Exercise inputs:
══════════
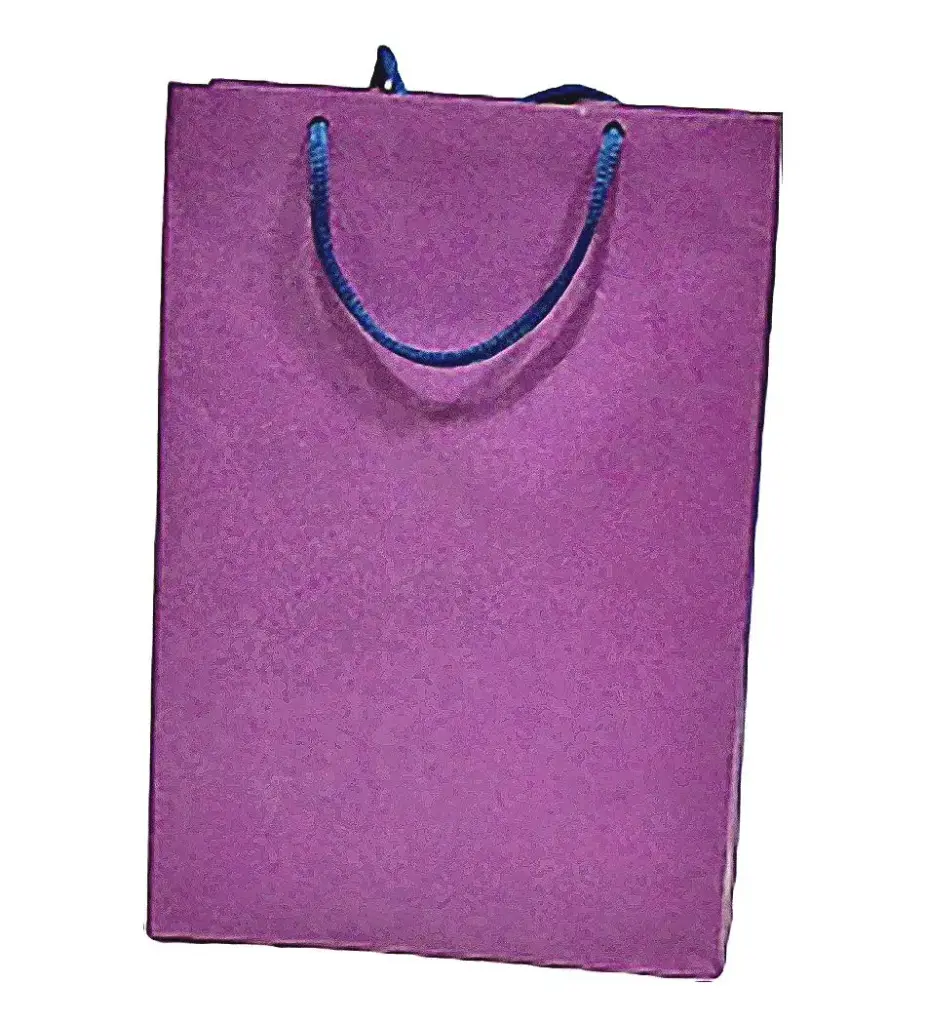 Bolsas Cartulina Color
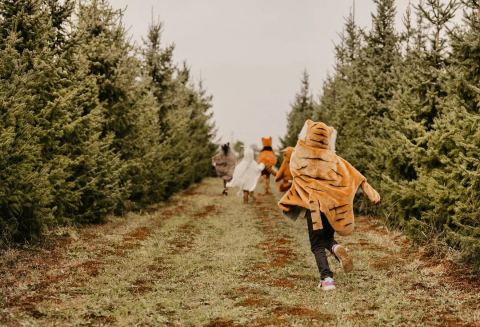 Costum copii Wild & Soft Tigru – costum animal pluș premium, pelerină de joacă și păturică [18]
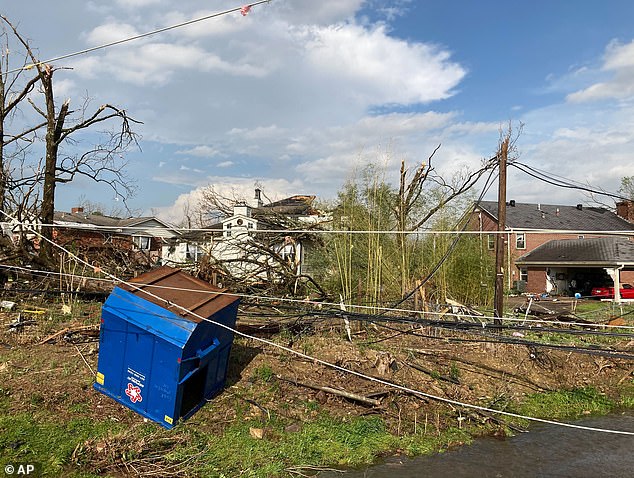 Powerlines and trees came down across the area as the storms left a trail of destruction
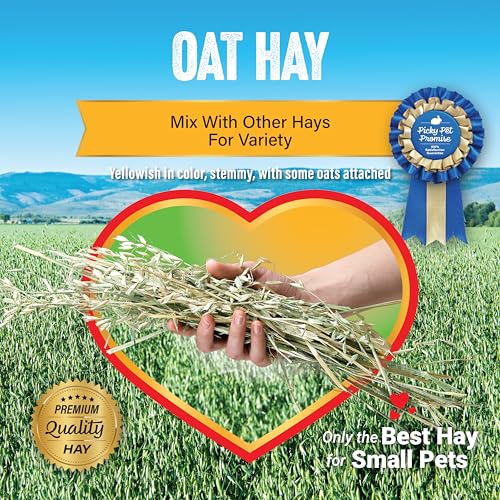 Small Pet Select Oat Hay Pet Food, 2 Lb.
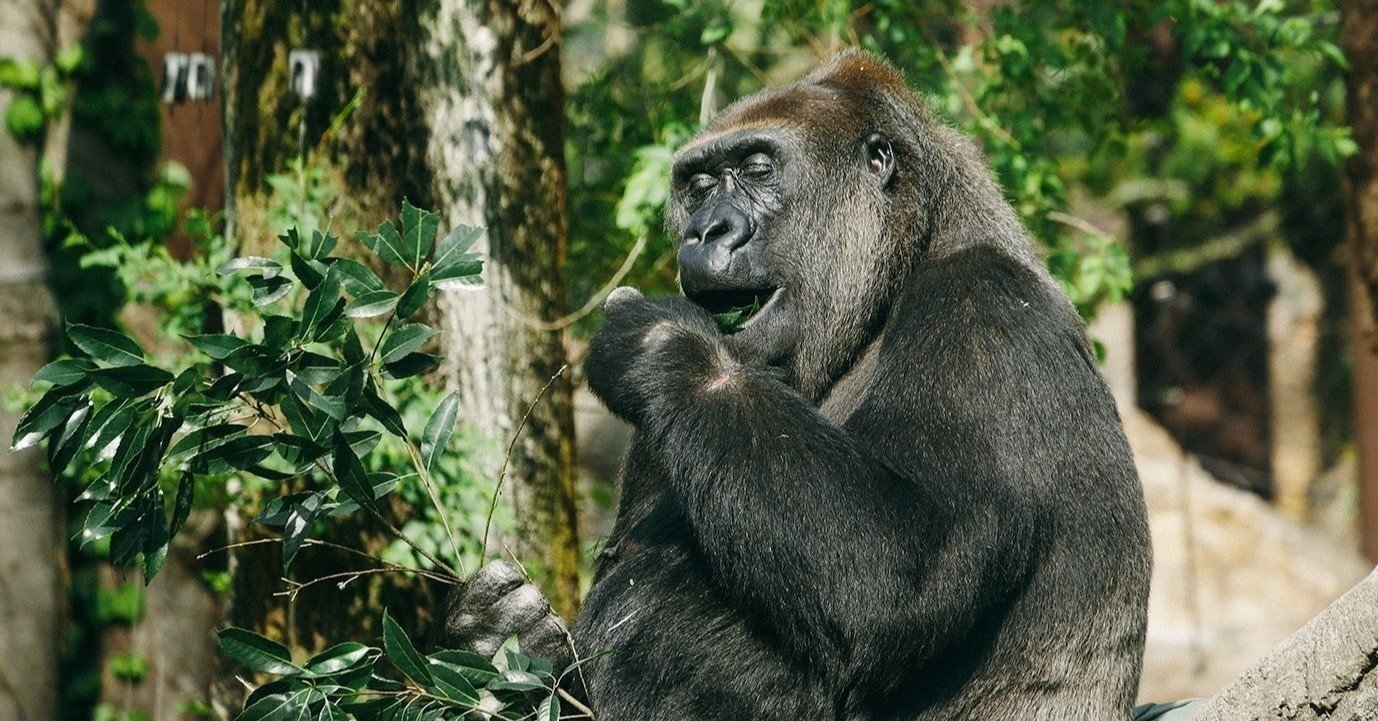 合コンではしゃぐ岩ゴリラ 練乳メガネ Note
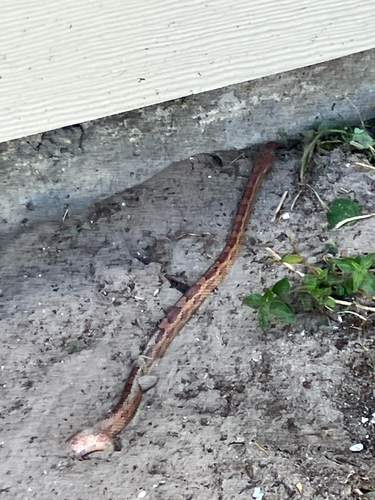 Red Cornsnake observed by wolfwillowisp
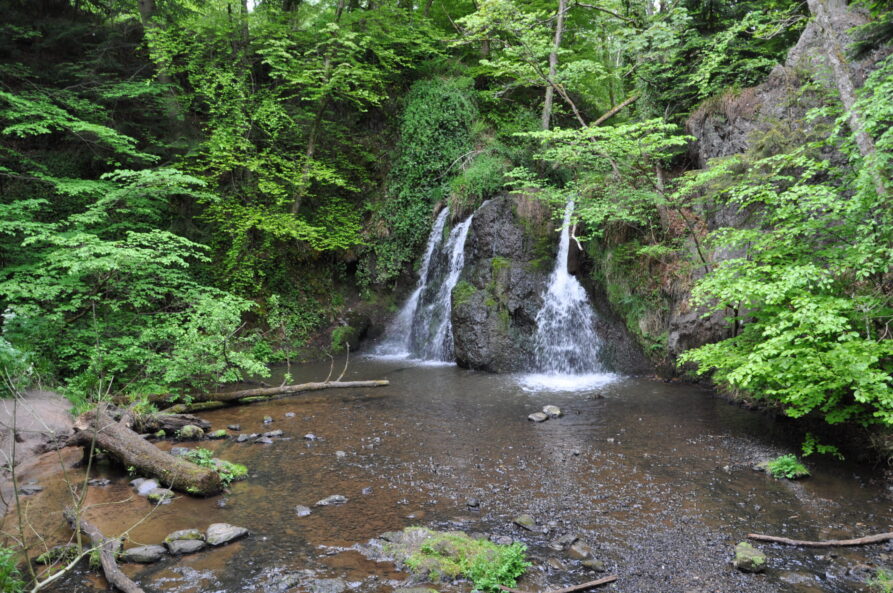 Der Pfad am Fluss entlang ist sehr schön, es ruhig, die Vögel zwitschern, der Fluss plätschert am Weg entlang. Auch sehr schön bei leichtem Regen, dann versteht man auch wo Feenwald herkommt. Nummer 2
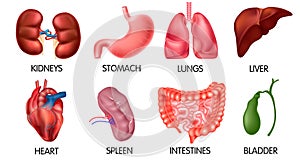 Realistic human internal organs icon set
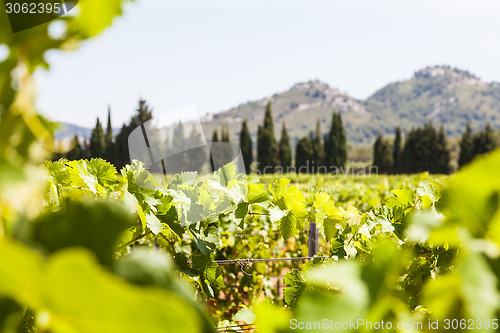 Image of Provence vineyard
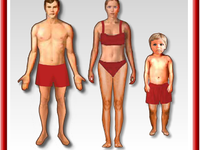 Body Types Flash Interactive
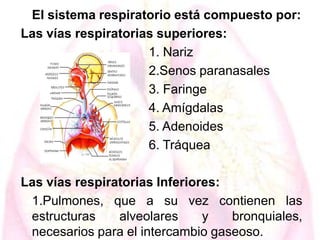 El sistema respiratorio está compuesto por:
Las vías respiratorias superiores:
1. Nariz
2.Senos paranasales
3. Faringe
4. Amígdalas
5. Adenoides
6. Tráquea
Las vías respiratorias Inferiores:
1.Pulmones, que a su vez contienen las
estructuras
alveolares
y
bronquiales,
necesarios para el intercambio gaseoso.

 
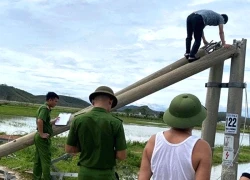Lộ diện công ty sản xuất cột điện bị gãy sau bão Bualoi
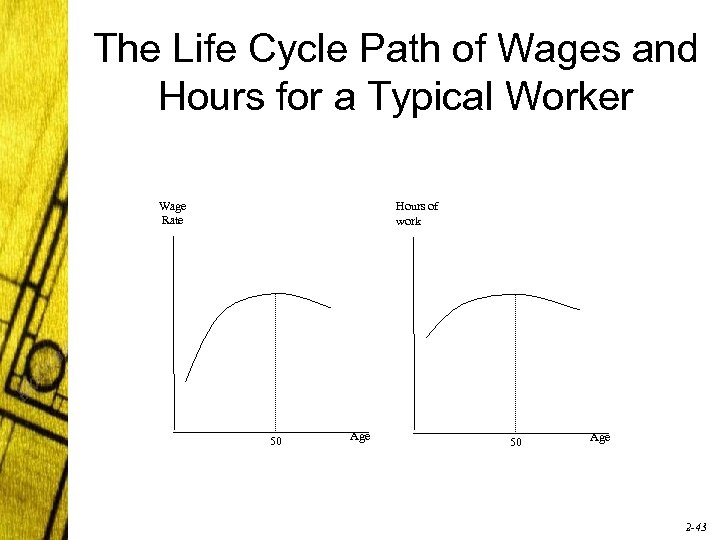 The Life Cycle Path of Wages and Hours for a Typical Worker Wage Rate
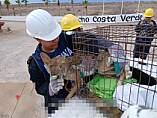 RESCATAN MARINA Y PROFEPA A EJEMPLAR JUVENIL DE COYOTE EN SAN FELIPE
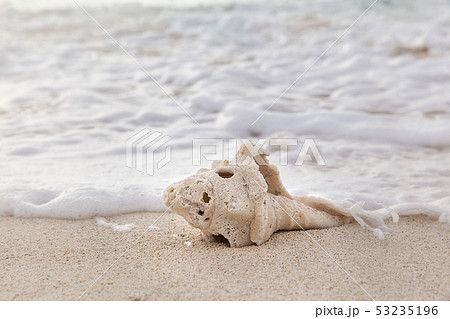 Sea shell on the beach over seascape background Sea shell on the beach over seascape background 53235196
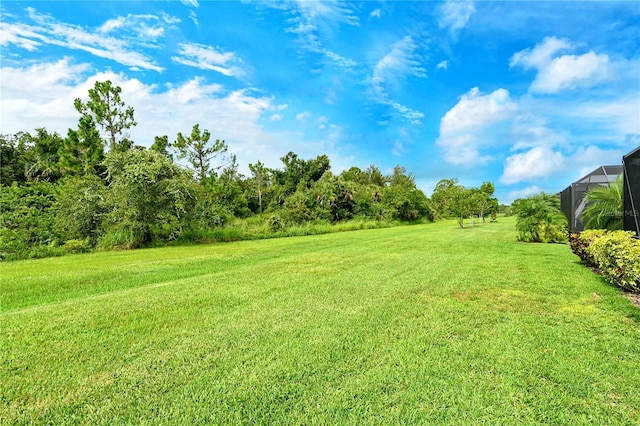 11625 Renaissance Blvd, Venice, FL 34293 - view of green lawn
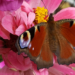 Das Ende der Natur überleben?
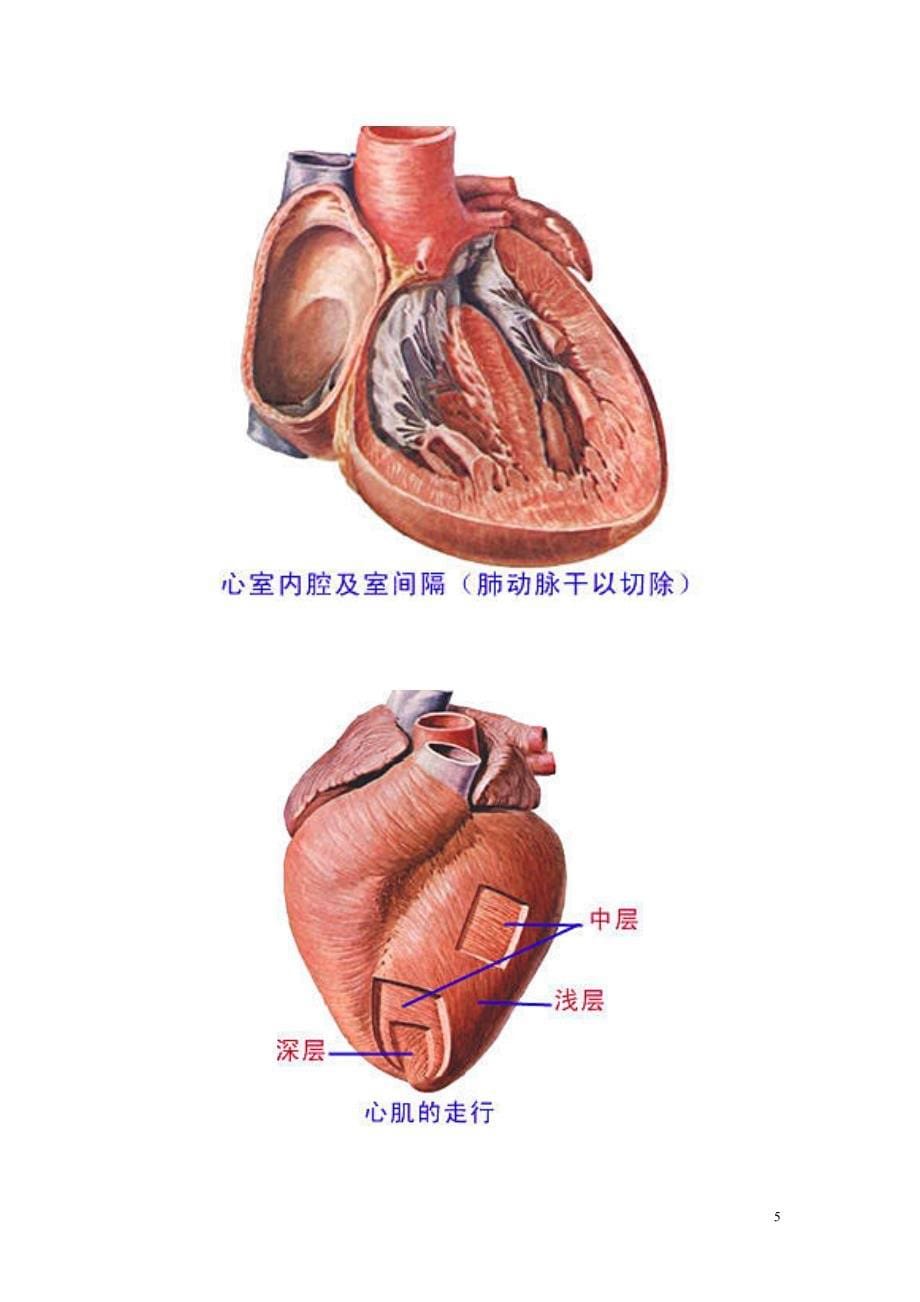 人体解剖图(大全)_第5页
══════════
Exercise details:
The word to look for is "vías"; copy out every line of the entries that holds it.

Written response:
Las vías respiratorias superiores:
Las vías respiratorias Inferiores:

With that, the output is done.